To do: Take the entries below and reproduce exactly the portion that begins at the line containing "Monkey vector image clip art png" and ends at the line containing "Maison Lefort - 10min", keeping both ends, dropping pictures, and adding nothing else.

Data in this exercise:
Content starts

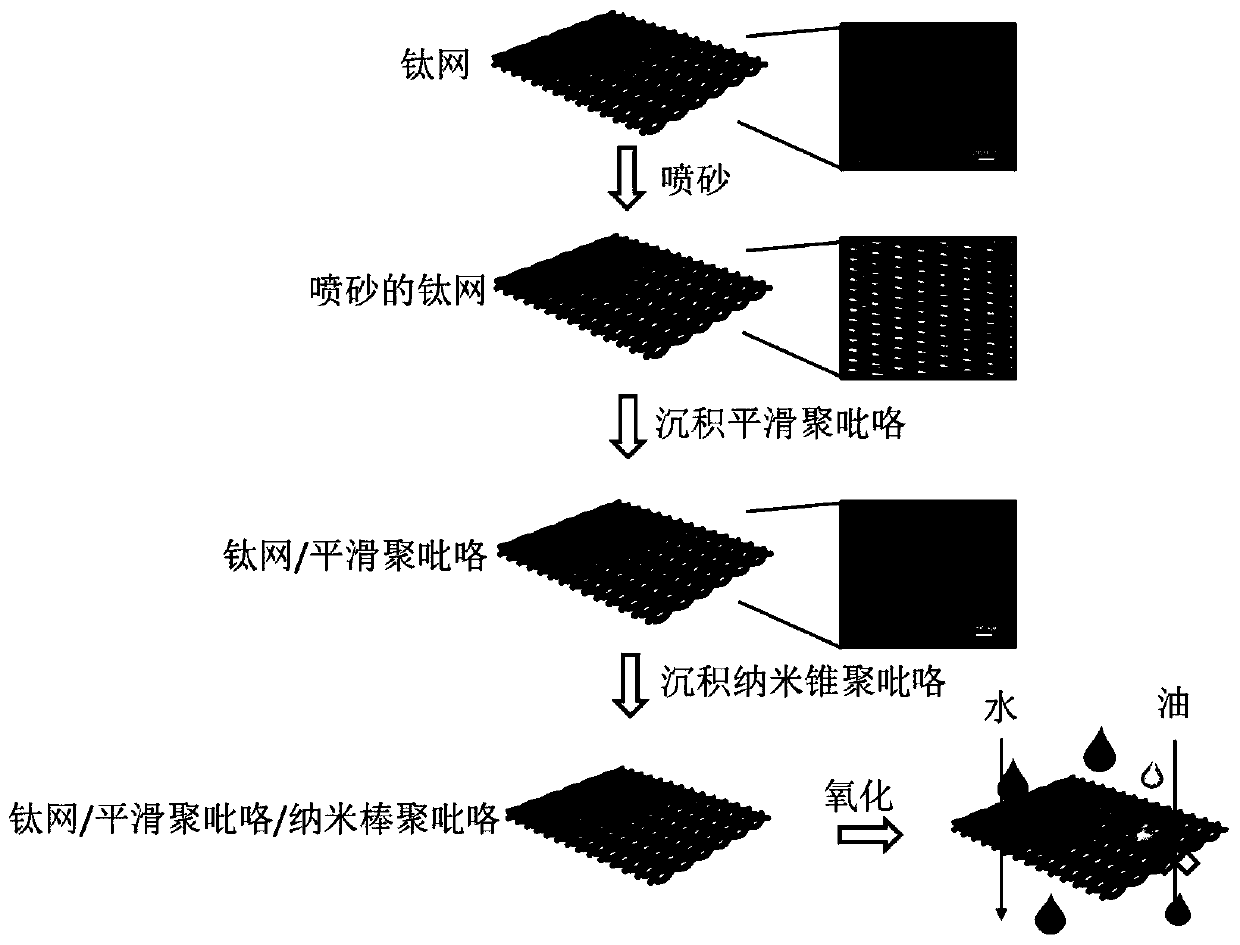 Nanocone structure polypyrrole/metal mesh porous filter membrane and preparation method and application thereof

Content ends
Content starts

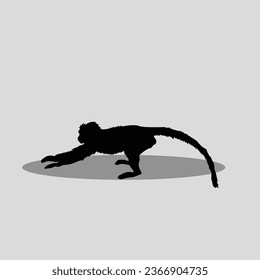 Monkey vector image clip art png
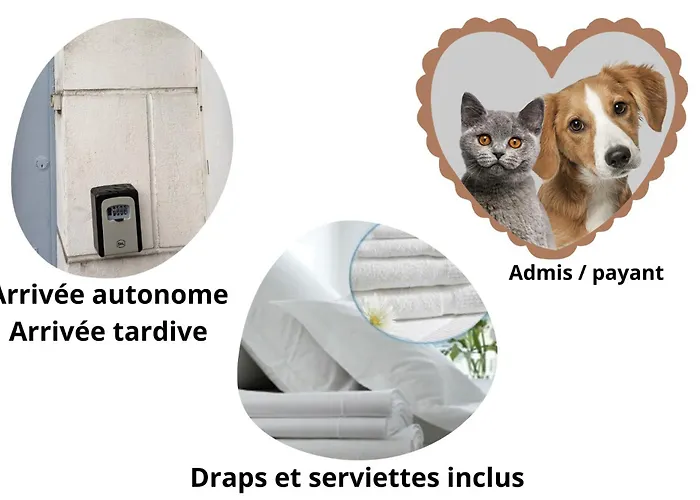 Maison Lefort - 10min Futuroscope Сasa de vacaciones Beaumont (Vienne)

Content ends

Answer for the task:
 Monkey vector image clip art png
 Maison Lefort - 10min Futuroscope Сasa de vacaciones Beaumont (Vienne)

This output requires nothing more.